Note #1: Do not pay more than 100 Thai Baht to take a tuk tuk from Sukhumvit to Khao San. They will try to charge 200-300 Baht. Say no thank you or another expletive and find a taxi.
Note #2: Again, I have to point out that you should be aware of taxis. If the driver does not turn on the meter and you try to use my trick of turning it on yourself and are rebuffed, get out of the cab.
“Traffic jam boss,” is not a valid reason for getting ripped off.
Note #3: If you do find a taxi that is on the meter you will notice that Bangkok has some of the cheapest taxis in the world.
Thong Lor & Shilom
I mentioned Thong Lor and Shilom above as a great place for nightlife. It is also a great place to have a nice dinner and take a break from berserk Bangkok and see an area that a lucky expat wouldn’t mind calling home. I do not have exact coordinates for where to go in Thong Lor but this should get you on your way:
- Take the BTS (Bangkok Mass Transit System) to Thong Lor. Exit, go down the stairs, and ask one of the motorbike drivers to take you Thonglor Soi 16. That’s the main shopping area and tourist meet up spot for the House of Beers. Along the way, you’ll see nice bars and restaurants so tap your driver gently on the shoulder and tell him to stop. The cost should not be more than 20-30 Baht.
Shilom like Thong Lor is quite posh. Besides Ku De Tah, not much is happening at night though it is worth seeing in the day as it is the business district.
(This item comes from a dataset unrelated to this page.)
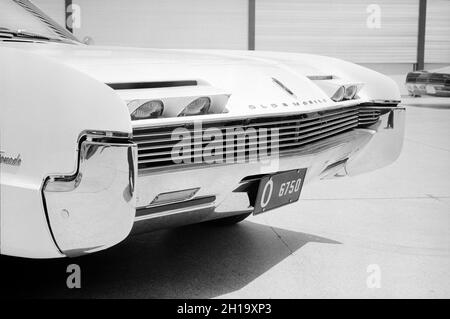 1966 Oldsmobile Toronado compresi il grill, cofano e fari, General Motors, Detroit, Michigan, USA, Thomas J. o'Halloran, US News & World Report Magazine Collection, luglio 1965 Foto Stock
Enough! I’m Bangkok-ed out.
Now you know why the song is titled One Night in Bangkok. I’m sure you are lamenting the unwise decision to spend 5 nights in this city either on the front-end or back-end of your trip. If you do the former, then you’ll need 4 Thai Red Bulls to get you through the full moon party. If you do it on the latter, then it won’t matter if you aren’t flying Cathay First back home as you’ll perfect the Kama Sutra of Airplane Sleep without needing to peruse this tutorial.
Your only saving grace is unwinding at the Aloft pool. It may not have sun but who cares following that beat down in Bangkok.